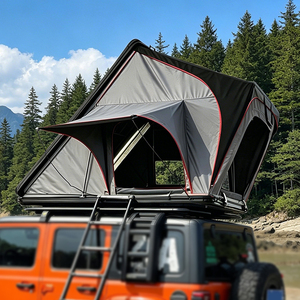 All Season 2 Person <strong>Wild</strong> <strong>Land</strong> 4x4 Car Aluminum Hard Shell Roof Top Tent with 2.3m Ladder - Product Image 1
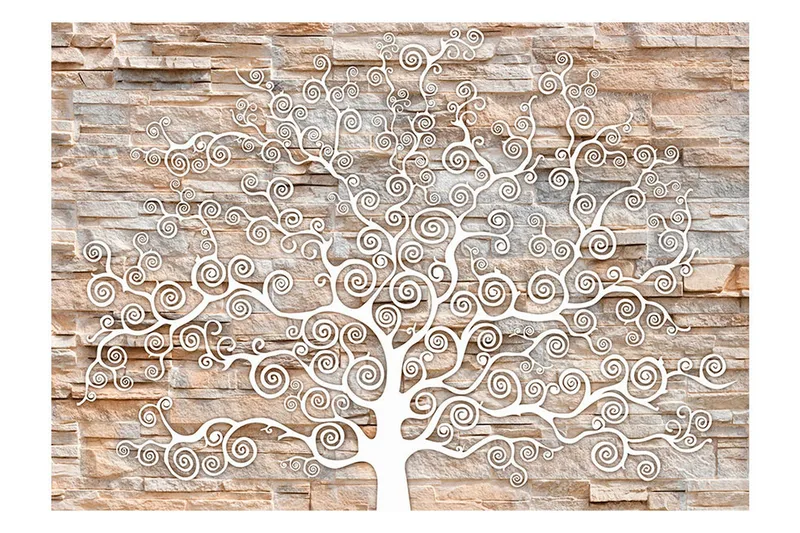 Fototapet Stone Tree 350x245 - Artgeist sp. z o. o. - Inredning & dekor - Väggdekor - Tapeter & tapettillbehör - Fototapeter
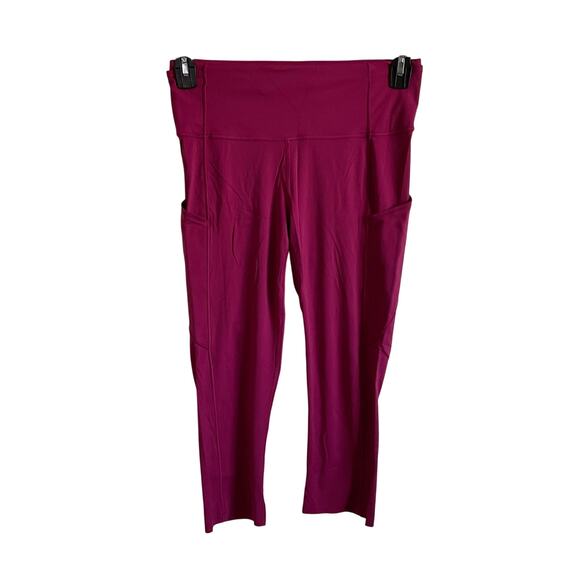 Lululemon Fast/Free Women’s 20” Berry Pink Cropped Tights - Size 8 - Picture 1 of 8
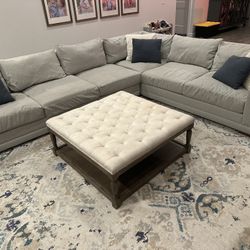 Living Spaces Custom Sectional 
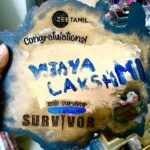 Vijayalakshmi Instagram - This is wat I did as soon as I received the invite to play survivor. I used my face foundation stick and nail polish, changed the invite to winner certificate and placed it infront of my eyes in my bedroom. Every time I look at it I started believing it so hard. No one believed me when I said I will come back as SOLESURVIVOR. When I said bye to my friends I used to say “cup oda meet pandren” feroz was lil concerned Abt the disappointment I might get if i lose the show.so he kept saying winning or losing dsnt matter. u participating itself is a great achievement. That’s wat my sisters also said.. In fact that’s wat everyone said. But only One person said.. “Mummy u can do this. Win the game, give me the trophy I will take u on vacation” thats all I remembered throughout. And it worked, I did it. FOR HIM. I went there TO WIN I went through hardship in every possible way and survived TO WIN I was holding my breath under the sea without a tube, TO WIN When every nerve of my feet pushed me to give up, I stood rock solid on that tiny peace of wood.. TO WIN I din go there to play for anyone. I din give up my game spirit for any reason I din give away the advantage I won in finals for someone to win bcoz I PUT MY HARD WORK AND EARNED IT! It’s only fair for me to respect my struggles and use it for my OWN WIN. That’s wat I did. YES IM SOLESURVIVOR And IM VERY PROUD!!! #determinedtoWIN #SOLESURVIVOR #focus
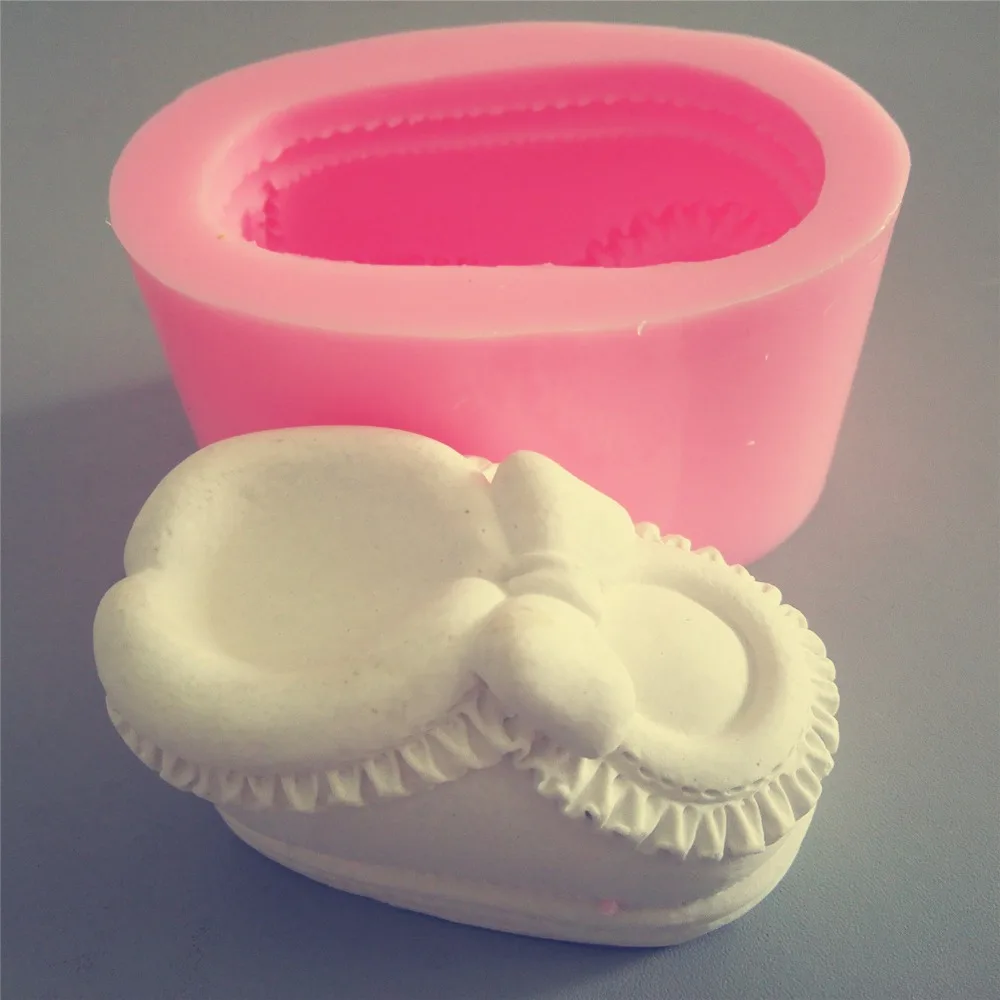 3D башмак дизайн мыло формы шоколадный сахар формы DIY силиконовые формы для мыла ремесла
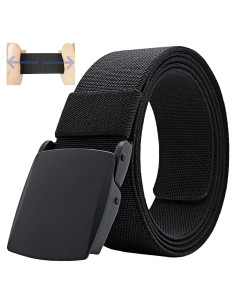 Cinturón Táctico Ajustable JIFANPAUL para Hombres - Nylon Elástico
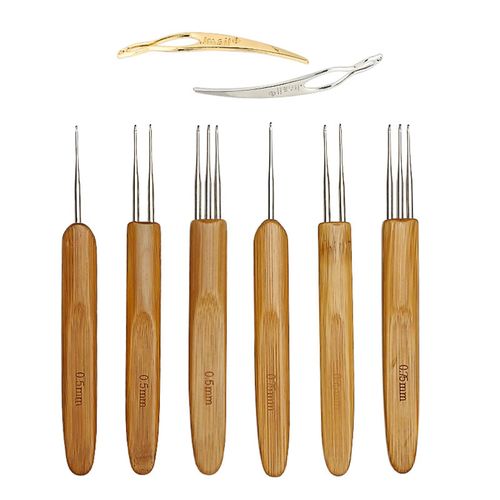 Dreadlock Crochet Crochet Outil Tresse Cheveux Dreadlocks Aiguille Tissage Crochet Outils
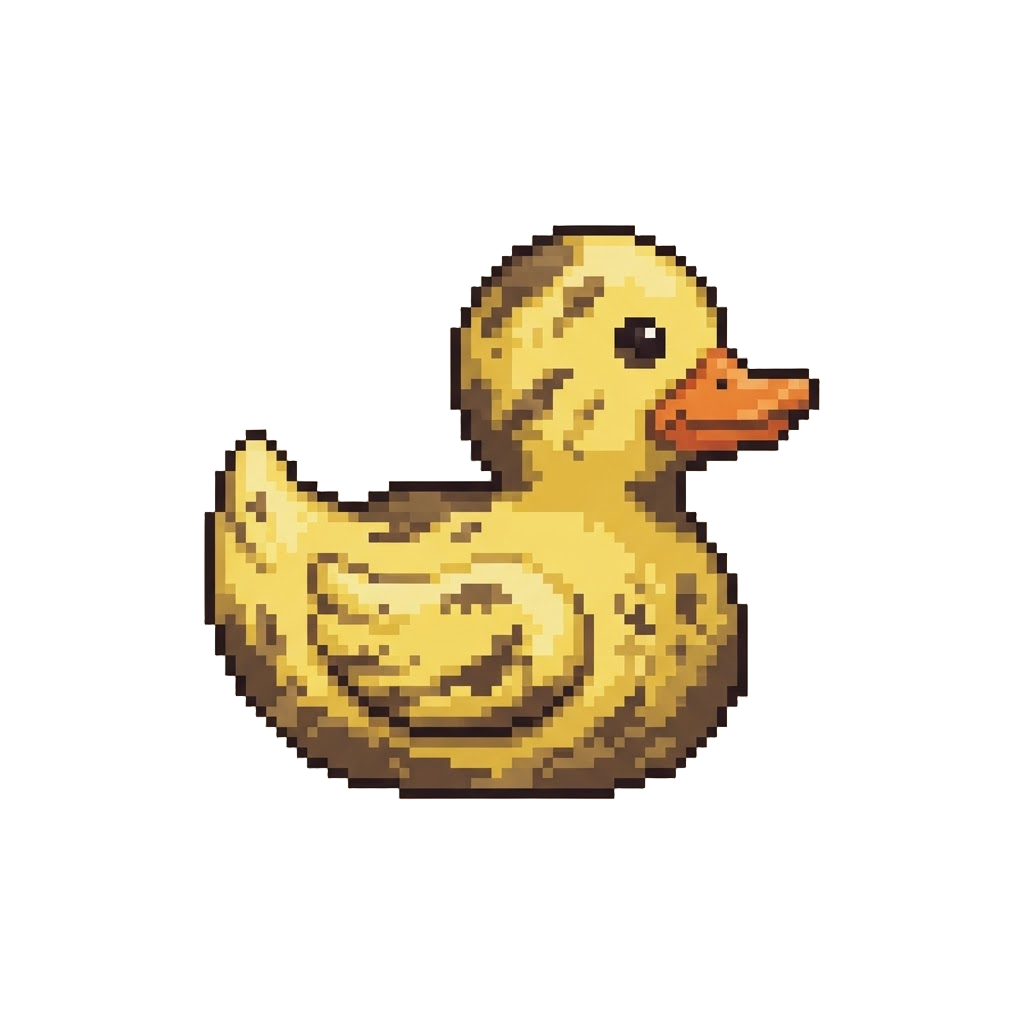 A Muddy Rubber Ducky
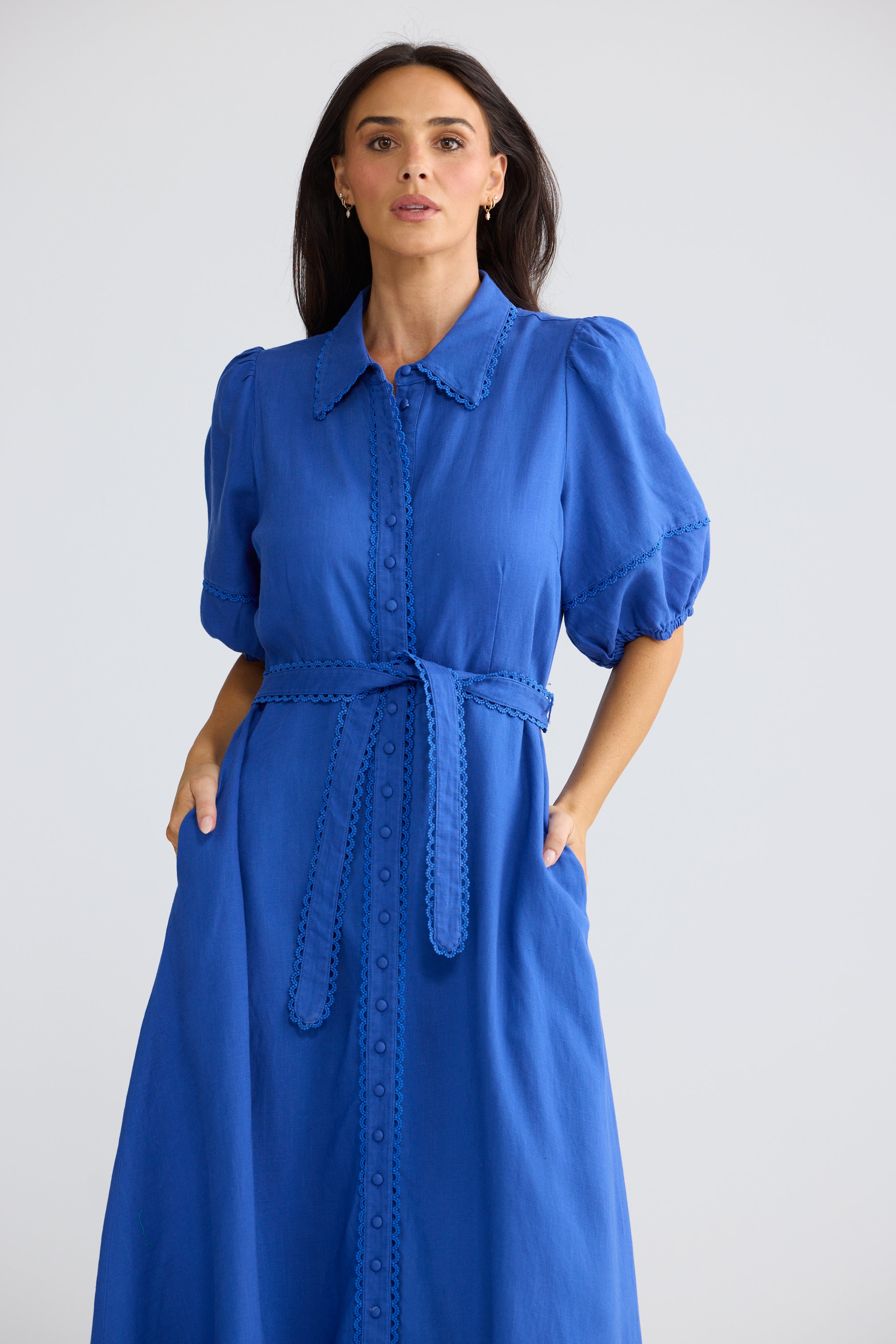 Brynn Midi Dress Colbalt Blue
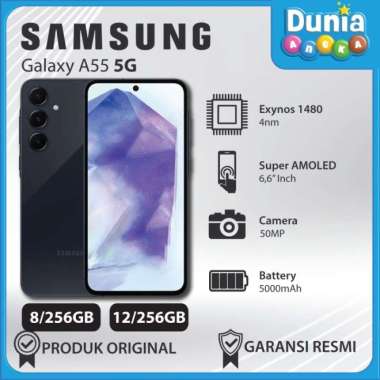 SAMSUNG GALAXY A55 5G - GARANSI RESMI ORIGINAL SAMSUNG 12/256GB NAVY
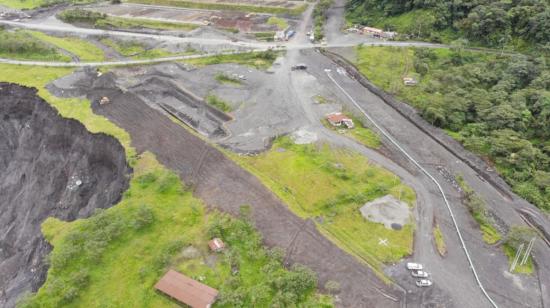 Imagen desde un dron del sector de San Rafael, en la provincia de Napo, el 7 de julio de 2020.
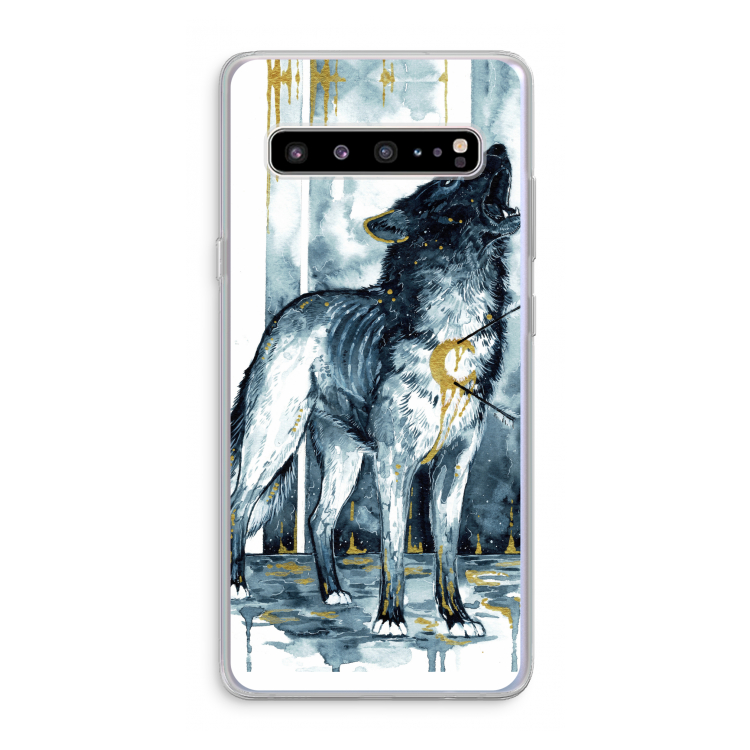 CaseCompany Bleeding Soul: Samsung Galaxy S10 5G Transparant Hoesje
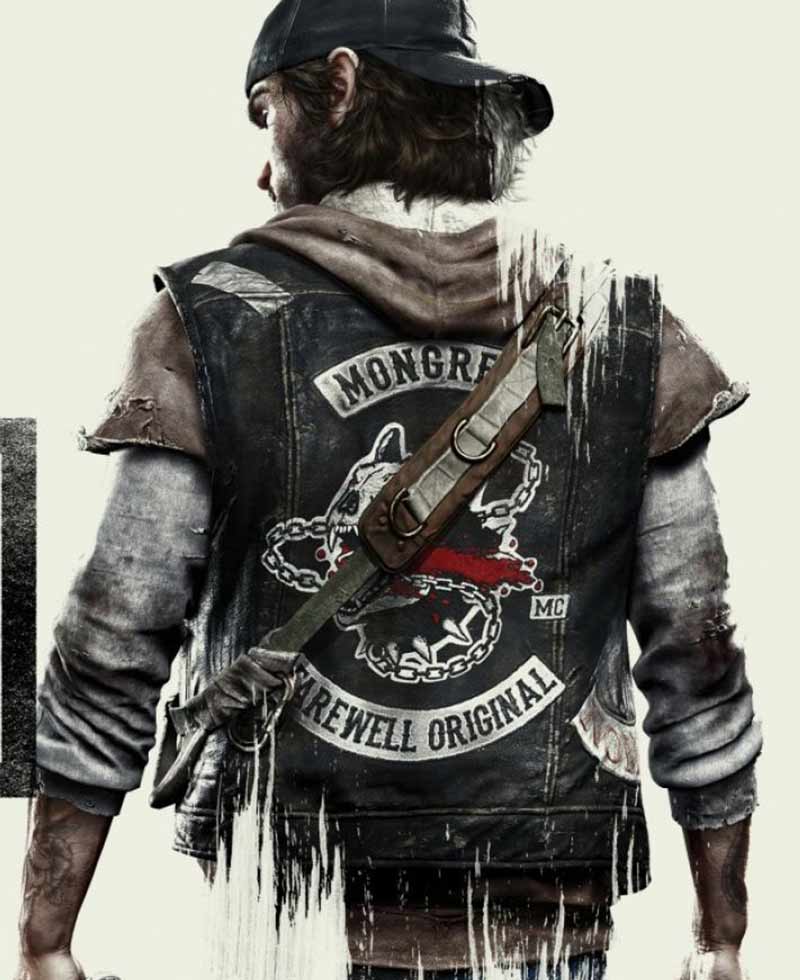Days Gone Deacon St. John Leather Vest Days Gone Deacon St. John Leather Vest - Image 4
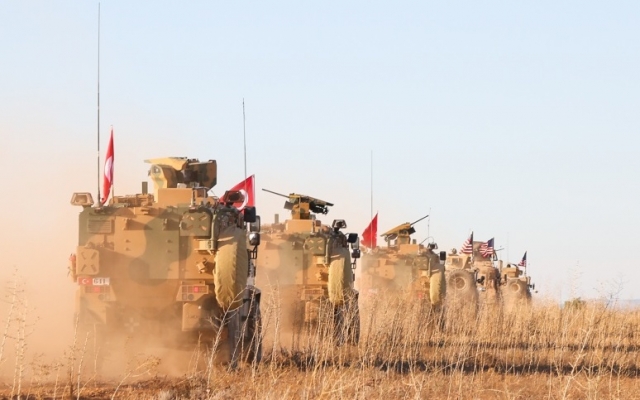 Турецкие и американские войска участвуют в совместном патрулировании территории. Сирия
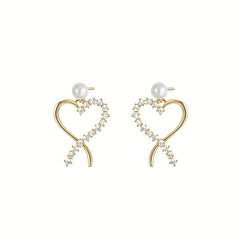 Heart Shaped Earrings Ladies Retro Earrings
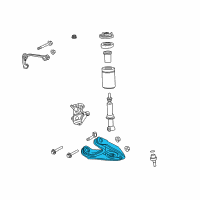 OEM Ford F-150 Heritage Lower Control Arm Diagram - 7L3Z-3078-C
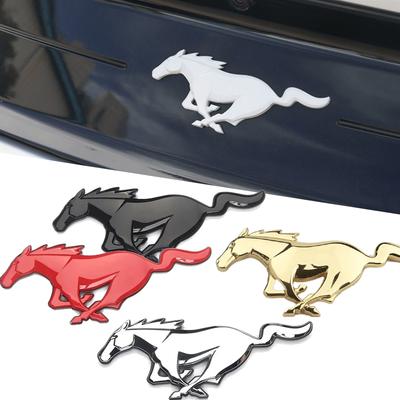 Car Sticker Car ExteriorEmblem Decals for Ford Mustang GT350 GT500 Shelby 2.3T Cobra Spoiler SVT Body Badge Rear Trunk Stickers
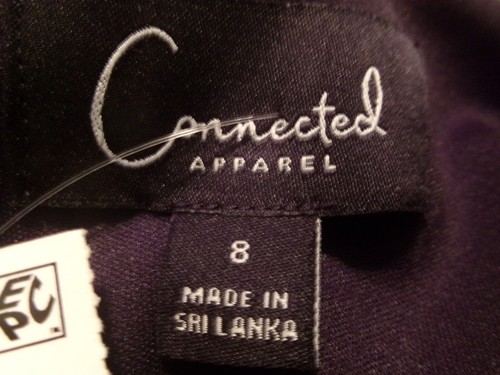 Women's Lined Sheath Midi Dress from Connected Apparel-Half Sleeve-Size 8-NWT - Picture 4 of 5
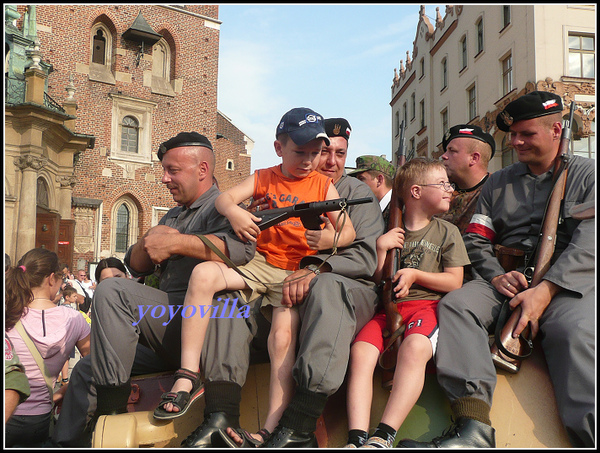 波蘭 克拉科夫 市區廣場 Hauptmarkt, Krakow, Poland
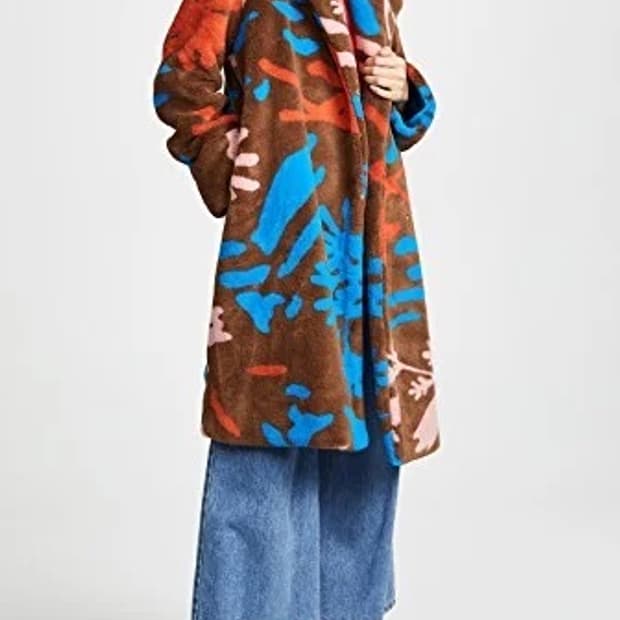 Stine Goya 쟈카드 시어링 코트 55추천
★ ★ ★ ★ ★
### AIM OF THE TASK
Omit the pictures and set down the records exactly.

### OUTPUT OF THE TASK
 All Season 2 Person <strong>Wild</strong> <strong>Land</strong> 4x4 Car Aluminum Hard Shell Roof Top Tent with 2.3m Ladder - Product Image 1
 Fototapet Stone Tree 350x245 - Artgeist sp. z o. o. - Inredning & dekor - Väggdekor - Tapeter & tapettillbehör - Fototapeter
 Lululemon Fast/Free Women’s 20” Berry Pink Cropped Tights - Size 8 - Picture 1 of 8
 Living Spaces Custom Sectional 
 Vijayalakshmi Instagram - This is wat I did as soon as I received the invite to play survivor. I used my face foundation stick and nail polish, changed the invite to winner certificate and placed it infront of my eyes in my bedroom. Every time I look at it I started believing it so hard. No one believed me when I said I will come back as SOLESURVIVOR. When I said bye to my friends I used to say “cup oda meet pandren” feroz was lil concerned Abt the disappointment I might get if i lose the show.so he kept saying winning or losing dsnt matter. u participating itself is a great achievement. That’s wat my sisters also said.. In fact that’s wat everyone said. But only One person said.. “Mummy u can do this. Win the game, give me the trophy I will take u on vacation” thats all I remembered throughout. And it worked, I did it. FOR HIM. I went there TO WIN I went through hardship in every possible way and survived TO WIN I was holding my breath under the sea without a tube, TO WIN When every nerve of my feet pushed me to give up, I stood rock solid on that tiny peace of wood.. TO WIN I din go there to play for anyone. I din give up my game spirit for any reason I din give away the advantage I won in finals for someone to win bcoz I PUT MY HARD WORK AND EARNED IT! It’s only fair for me to respect my struggles and use it for my OWN WIN. That’s wat I did. YES IM SOLESURVIVOR And IM VERY PROUD!!! #determinedtoWIN #SOLESURVIVOR #focus
 3D башмак дизайн мыло формы шоколадный сахар формы DIY силиконовые формы для мыла ремесла
 Cinturón Táctico Ajustable JIFANPAUL para Hombres - Nylon Elástico
 Dreadlock Crochet Crochet Outil Tresse Cheveux Dreadlocks Aiguille Tissage Crochet Outils
 A Muddy Rubber Ducky
 Brynn Midi Dress Colbalt Blue
 SAMSUNG GALAXY A55 5G - GARANSI RESMI ORIGINAL SAMSUNG 12/256GB NAVY
 Imagen desde un dron del sector de San Rafael, en la provincia de Napo, el 7 de julio de 2020.
 CaseCompany Bleeding Soul: Samsung Galaxy S10 5G Transparant Hoesje
Days Gone Deacon St. John Leather Vest Days Gone Deacon St. John Leather Vest - Image 4
 Турецкие и американские войска участвуют в совместном патрулировании территории. Сирия
 Heart Shaped Earrings Ladies Retro Earrings
 OEM Ford F-150 Heritage Lower Control Arm Diagram - 7L3Z-3078-C
 Car Sticker Car ExteriorEmblem Decals for Ford Mustang GT350 GT500 Shelby 2.3T Cobra Spoiler SVT Body Badge Rear Trunk Stickers
 Women's Lined Sheath Midi Dress from Connected Apparel-Half Sleeve-Size 8-NWT - Picture 4 of 5
 波蘭 克拉科夫 市區廣場 Hauptmarkt, Krakow, Poland
 Stine Goya 쟈카드 시어링 코트 55추천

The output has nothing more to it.